O ano de 2004 poderá revelar-se um ano dramático para o continente africano. A fome está já a afectar milhões de pessoas em países como Angola, o Sudão e o Quénia que estão dependentes da ajuda internacional. Na origem da escassez de alimentos nestes países conjugam-se vários factores como o clima, a guerra, a corrupção e a miséria.
O Programa Alimentar Mundial (PAM) das Nações Unidas anunciou ontem que Angola está à beira de uma catástrofe alimentar. A agência recebeu dos países doadores apenas 45 milhões de dólares, uma quantia que está muito longe dos 235 milhões de dólares que o PAM diz necessitar para a ajuda a Angola. Se esta ajuda não chegar poderá ficar em causa o processo de repatriamento de centenas de milhar de refugiados que saíram do país durante a guerra.
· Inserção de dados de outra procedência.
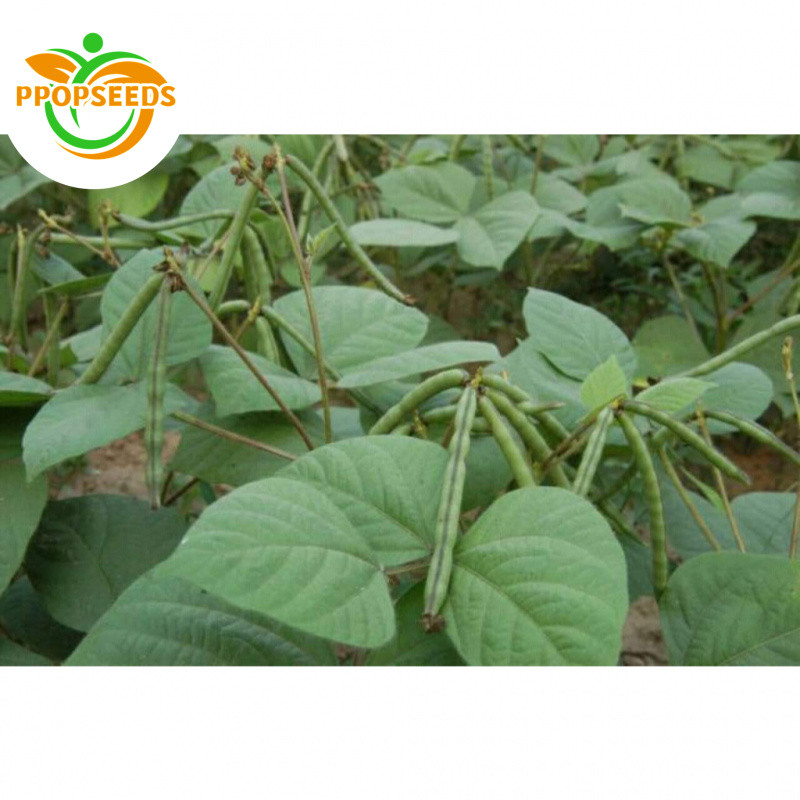 Mung Beans Seeds 20seeds Germinated Green Beans Green Beans for Making Snacks, Green Beans-PPOP SEED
Mike Huggins, um responsável do PAM declarou em entrevista à TSF que “há uma necessidade urgente de novas doações, caso contrário vamos ser obrigados a cortar por completo o fornecimento de cereais já em Setembro, o que é muito mau, porque é o começo da estação das chuvas”. Mike Huggins considera a situação em Angola como uma “miséria imensurável”, num país onde faltam escolas, água potável, electricidade e, principalmente, comida.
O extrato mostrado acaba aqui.